Four players, named A, B, C, and D, are playing a card game. A standard well-shuffled deck of cards is dealt to the players so each player receives a 5 card hand. How many possibilities are there for the hand that player A will get? (Within a hand, the order in which cards were received doesn’t matter.)

This is a question from Test 1 with a different size of hand.

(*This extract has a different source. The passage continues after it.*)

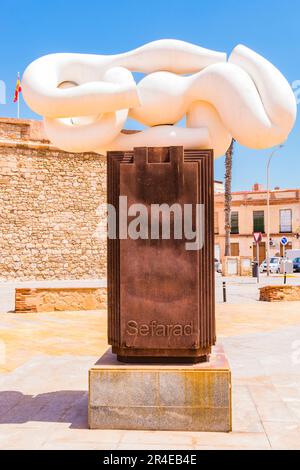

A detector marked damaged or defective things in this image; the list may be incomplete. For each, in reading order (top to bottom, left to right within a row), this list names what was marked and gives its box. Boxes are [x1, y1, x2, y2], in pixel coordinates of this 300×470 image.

rusted bronze pedestal [108, 147, 216, 364]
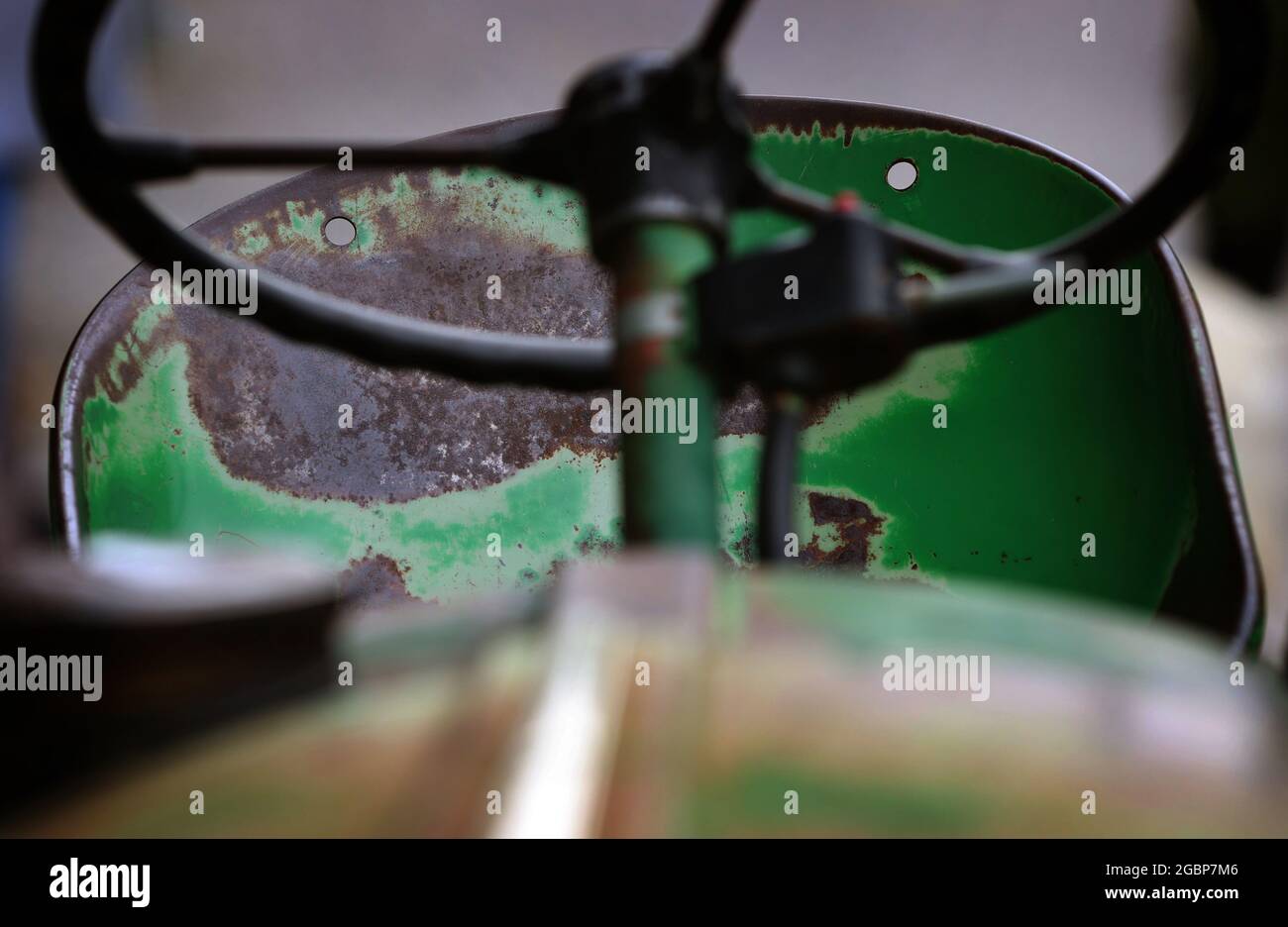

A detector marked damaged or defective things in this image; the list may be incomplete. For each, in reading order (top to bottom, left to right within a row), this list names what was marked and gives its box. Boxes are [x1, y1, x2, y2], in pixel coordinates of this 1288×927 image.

Because we do not care about the hands held by B, C, or D, we can approach this as a simple combinatorics problem:

\[\binom{52}{5} = \frac{52!}{5!(52-5)!} = \frac{52 * 51 * 50 * 49 * 48}{5 * 4 * 3 * 2 * 1} = 2598960\]

Question 9

Let \(X_1 = 4 - 2Z_1 + 4Z_2\) and \(X_2 = 1 + 3Z_1 - 9Z_2\) where \(Z_1, Z_2\) are independent standard normal variables. What is the covariance of \(X_1\) and \(X_2\), i.e., \(\C[X_1, X_2]\)?

This is a modification of a question from Test 2 with different weights and asking for covariance instead of correlation.

We apply our standard calculations:

\[\begin{align*} \C[X_1, X_2] &= \C[4 - 2Z_1 + 4Z_2, 1 + 3Z_1 - 9Z_2] \\ &= \C[- 2Z_1 + 4Z_2, 3Z_1 - 9Z_2] \\ &= (-2)(3)\C[Z_1, Z_1] + (-2)(-9)\C[Z_1, Z_2] + (4)(3)\C[Z_2, Z_1] + (4)(-9)\C[Z_2, Z_2] \\ &= -6\V[Z_1] + 18 * 0 + 12 * 0 -36 \V[Z_2] \\ &= -6 * 1 -36 * 1 \\ &= -42 \end{align*}\]

In matrix notation, we simply compute:

\[\begin{align*} \begin{pmatrix} -2 & 4 \\3 & -9 \end{pmatrix}\begin{pmatrix} -2 & 4 \\3 & -9 \end{pmatrix}^{\top} = \begin{pmatrix} 20 & -42 \\ -40 & 90 \end{pmatrix} \end{align*}\]

From which we can read off \(\C[X_1, X_2] = -42\).

As always, in simulation:

n <- 1e6
Z1 <- rnorm(n)
Z2 <- rnorm(n)

X1 <- 4 - 2 * Z1 + 4 * Z2
X2 <- 1 + 3 * Z1 - 9 * Z2

cov(X1, X2)
[1] -41.98663

Question 10

The \(\text{Rayleigh}(\beta)\) distribution has CDF \(F_Y(y) = 1 - e^{-y^2/2\beta}\). Suppose you have a source of uniform random variables \(U\). Find a transform of \(U\), \(h(\cdot)\), such that \(h(U) \sim \text{Rayleigh}(5)\).

This is a variant of a question from Test 3, with the Rayleigh replacing the Weibull distribution.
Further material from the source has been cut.